*Exercise brief*:
Reproduce nothing but the closing run of lines: the line with "Men’s Genoa CFC 2026/27 Away Jersey" and each line that follows it to the end of the data.

*Scraped caption text data*:
_ _ _ _ _

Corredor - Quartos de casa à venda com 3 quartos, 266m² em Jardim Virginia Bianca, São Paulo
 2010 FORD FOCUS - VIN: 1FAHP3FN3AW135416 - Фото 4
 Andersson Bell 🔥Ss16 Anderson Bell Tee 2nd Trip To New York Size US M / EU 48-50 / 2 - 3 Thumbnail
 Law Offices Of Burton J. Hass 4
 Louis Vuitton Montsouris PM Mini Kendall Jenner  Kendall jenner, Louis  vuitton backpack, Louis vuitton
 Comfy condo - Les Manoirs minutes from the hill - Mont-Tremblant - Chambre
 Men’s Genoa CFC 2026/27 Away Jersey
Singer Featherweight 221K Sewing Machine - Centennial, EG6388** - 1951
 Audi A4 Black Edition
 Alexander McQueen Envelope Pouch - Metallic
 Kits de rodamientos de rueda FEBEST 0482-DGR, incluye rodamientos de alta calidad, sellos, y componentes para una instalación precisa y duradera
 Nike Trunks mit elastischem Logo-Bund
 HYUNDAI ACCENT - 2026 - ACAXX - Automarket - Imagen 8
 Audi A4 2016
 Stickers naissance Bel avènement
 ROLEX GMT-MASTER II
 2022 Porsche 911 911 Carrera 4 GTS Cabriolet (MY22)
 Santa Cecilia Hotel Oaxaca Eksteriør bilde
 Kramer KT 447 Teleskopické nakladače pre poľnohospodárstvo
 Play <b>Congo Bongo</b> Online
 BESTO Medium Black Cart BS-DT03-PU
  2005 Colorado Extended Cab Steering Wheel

_ _ _ _ _

*Response box*:
 Men’s Genoa CFC 2026/27 Away Jersey
Singer Featherweight 221K Sewing Machine - Centennial, EG6388** - 1951
 Audi A4 Black Edition
 Alexander McQueen Envelope Pouch - Metallic
 Kits de rodamientos de rueda FEBEST 0482-DGR, incluye rodamientos de alta calidad, sellos, y componentes para una instalación precisa y duradera
 Nike Trunks mit elastischem Logo-Bund
 HYUNDAI ACCENT - 2026 - ACAXX - Automarket - Imagen 8
 Audi A4 2016
 Stickers naissance Bel avènement
 ROLEX GMT-MASTER II
 2022 Porsche 911 911 Carrera 4 GTS Cabriolet (MY22)
 Santa Cecilia Hotel Oaxaca Eksteriør bilde
 Kramer KT 447 Teleskopické nakladače pre poľnohospodárstvo
 Play <b>Congo Bongo</b> Online
 BESTO Medium Black Cart BS-DT03-PU
  2005 Colorado Extended Cab Steering Wheel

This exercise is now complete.